• _Short text fragments from websites_:
[Start of Attachment]

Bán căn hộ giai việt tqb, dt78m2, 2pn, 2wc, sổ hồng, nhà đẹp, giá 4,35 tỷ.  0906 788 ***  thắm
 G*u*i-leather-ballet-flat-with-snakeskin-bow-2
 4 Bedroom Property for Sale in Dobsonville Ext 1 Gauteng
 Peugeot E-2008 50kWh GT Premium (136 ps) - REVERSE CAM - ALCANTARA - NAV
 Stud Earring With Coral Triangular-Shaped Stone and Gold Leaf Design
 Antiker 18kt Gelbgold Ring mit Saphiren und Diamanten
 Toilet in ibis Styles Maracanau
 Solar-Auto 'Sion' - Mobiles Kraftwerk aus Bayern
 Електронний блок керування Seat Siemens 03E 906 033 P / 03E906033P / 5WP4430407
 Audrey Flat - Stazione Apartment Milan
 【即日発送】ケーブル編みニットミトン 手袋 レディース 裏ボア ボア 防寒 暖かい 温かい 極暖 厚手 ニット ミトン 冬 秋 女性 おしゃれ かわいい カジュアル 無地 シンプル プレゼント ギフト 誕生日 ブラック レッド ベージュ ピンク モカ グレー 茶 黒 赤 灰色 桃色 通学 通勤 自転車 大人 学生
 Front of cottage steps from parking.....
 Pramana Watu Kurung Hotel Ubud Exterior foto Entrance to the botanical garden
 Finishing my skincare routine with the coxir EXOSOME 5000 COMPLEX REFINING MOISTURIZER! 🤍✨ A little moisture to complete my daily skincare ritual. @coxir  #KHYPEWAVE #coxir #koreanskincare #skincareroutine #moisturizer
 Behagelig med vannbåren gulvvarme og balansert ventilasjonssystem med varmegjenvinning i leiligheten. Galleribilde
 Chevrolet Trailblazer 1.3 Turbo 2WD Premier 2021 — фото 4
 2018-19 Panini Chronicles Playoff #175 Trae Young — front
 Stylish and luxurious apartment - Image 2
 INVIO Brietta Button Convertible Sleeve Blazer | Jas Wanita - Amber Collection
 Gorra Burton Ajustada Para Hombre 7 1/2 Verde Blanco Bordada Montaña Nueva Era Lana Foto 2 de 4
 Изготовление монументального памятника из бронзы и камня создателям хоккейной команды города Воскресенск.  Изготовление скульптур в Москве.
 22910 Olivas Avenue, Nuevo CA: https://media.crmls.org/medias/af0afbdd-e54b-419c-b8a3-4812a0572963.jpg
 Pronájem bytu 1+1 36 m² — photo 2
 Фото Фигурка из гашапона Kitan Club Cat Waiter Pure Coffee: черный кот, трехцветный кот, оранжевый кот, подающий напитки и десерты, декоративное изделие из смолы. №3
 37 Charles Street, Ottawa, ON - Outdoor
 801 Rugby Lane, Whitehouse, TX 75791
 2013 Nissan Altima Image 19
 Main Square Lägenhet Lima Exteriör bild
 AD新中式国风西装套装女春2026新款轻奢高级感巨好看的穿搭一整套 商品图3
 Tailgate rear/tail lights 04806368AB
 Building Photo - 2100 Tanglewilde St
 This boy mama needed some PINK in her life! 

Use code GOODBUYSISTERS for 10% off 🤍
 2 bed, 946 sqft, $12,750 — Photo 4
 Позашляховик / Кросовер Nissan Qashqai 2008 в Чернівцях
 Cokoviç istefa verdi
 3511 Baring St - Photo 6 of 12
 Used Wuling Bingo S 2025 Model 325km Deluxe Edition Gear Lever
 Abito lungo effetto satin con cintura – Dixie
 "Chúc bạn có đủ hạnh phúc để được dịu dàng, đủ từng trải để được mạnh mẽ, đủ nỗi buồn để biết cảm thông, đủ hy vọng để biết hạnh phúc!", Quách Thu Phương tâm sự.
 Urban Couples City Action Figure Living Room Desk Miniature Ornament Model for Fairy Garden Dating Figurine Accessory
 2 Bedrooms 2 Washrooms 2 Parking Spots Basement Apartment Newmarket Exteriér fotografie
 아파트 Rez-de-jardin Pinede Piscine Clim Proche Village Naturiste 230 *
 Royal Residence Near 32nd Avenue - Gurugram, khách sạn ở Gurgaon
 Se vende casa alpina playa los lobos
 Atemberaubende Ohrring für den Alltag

[End of Attachment]

The word "Avenue" appears in some lines of the data. Copy every one of those lines.

 22910 Olivas Avenue, Nuevo CA: https://media.crmls.org/medias/af0afbdd-e54b-419c-b8a3-4812a0572963.jpg
 Royal Residence Near 32nd Avenue - Gurugram, khách sạn ở Gurgaon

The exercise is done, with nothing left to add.